I would recommend asking yourself these two questions: Is this something that will likely still be bothering me tomorrow or next week? And/or is this issue becoming a pattern or a trend?
We need to understand that we are bringing up these problems as maintenance to our relationship, and if we care about the relationship and most importantly our partner or spouse, this is as important as getting our oil changed regularly on a car.
Conflict will always be there, sprinkled across the timeline of our relationships, but we can be intentional and together as a unit decide that our conflict will never lead to actual fighting.
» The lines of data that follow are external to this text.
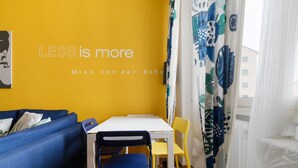 A room with a yellow wall, a white table, blue and yellow chairs, and a blue sofa. - Cozy 45 sqm flat, perfect for 3 people, located on the 5th floor of a building with elevator.The property is situated in the Calvairate district, a residential area characterized by the green spaces of Piazza Insubria & Viale Molise.The Porta Romana dist (Milan)
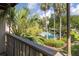 Scenic view of a community pool surrounded by lush tropical landscaping at 410 Yacht Harbor Ct # 410, Isle of Palms, SC 29451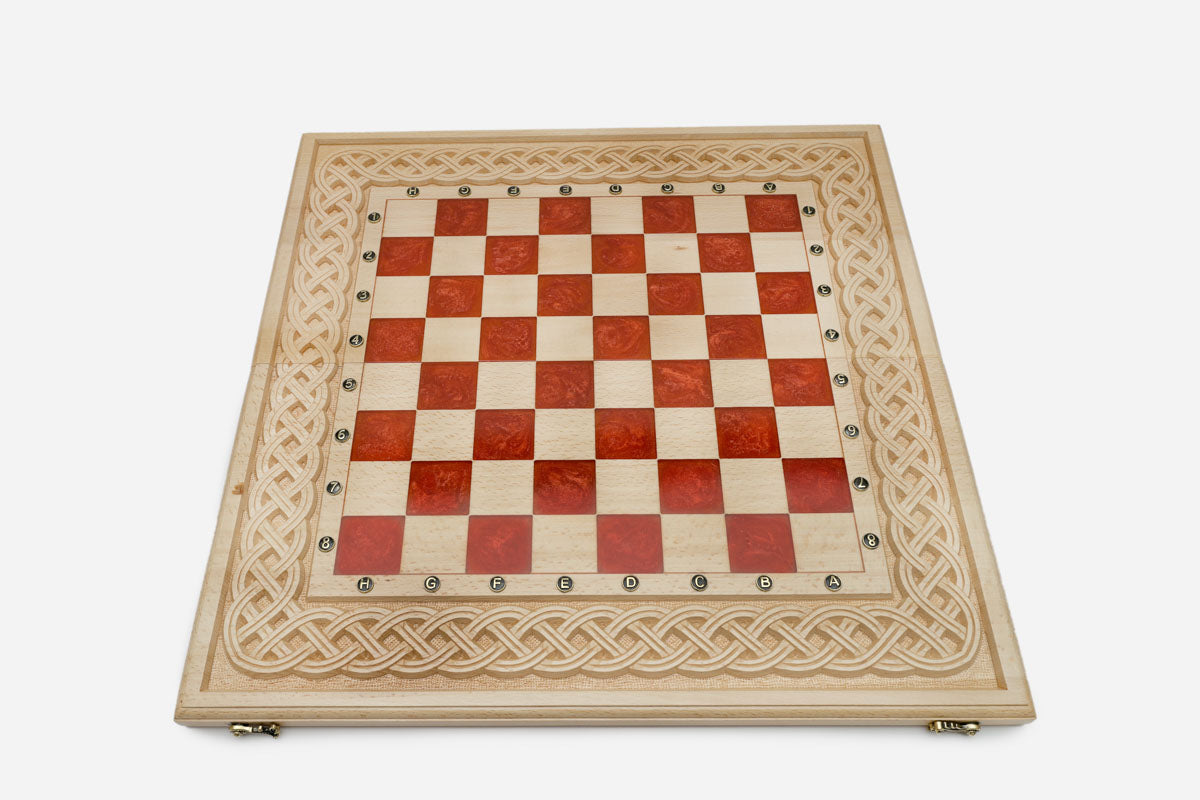Close-up of the beech and walnut chess pieces on the red epoxy squares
When things start to heat up, we can do simple things to remind each other that we are not enemies. These actions can be as simple as making eye contact, grabbing the other’s hand or even reminding them that we love them.
We can be intentional about deciding to stay on one side—as a team, throughout the conflict. Instead of both partners jumping to opposite sides of the fence and shooting missiles at each other, so to speak, we can decide to stay on one side and take on the conflict as a team. It can be us versus the conflict and we can strategize together.
This all of course takes effort, and practice, and time, but it is worth it. Conflict can and is healthy, and the choice is there to approach it in a way that does not divide but instead strengthens the connection.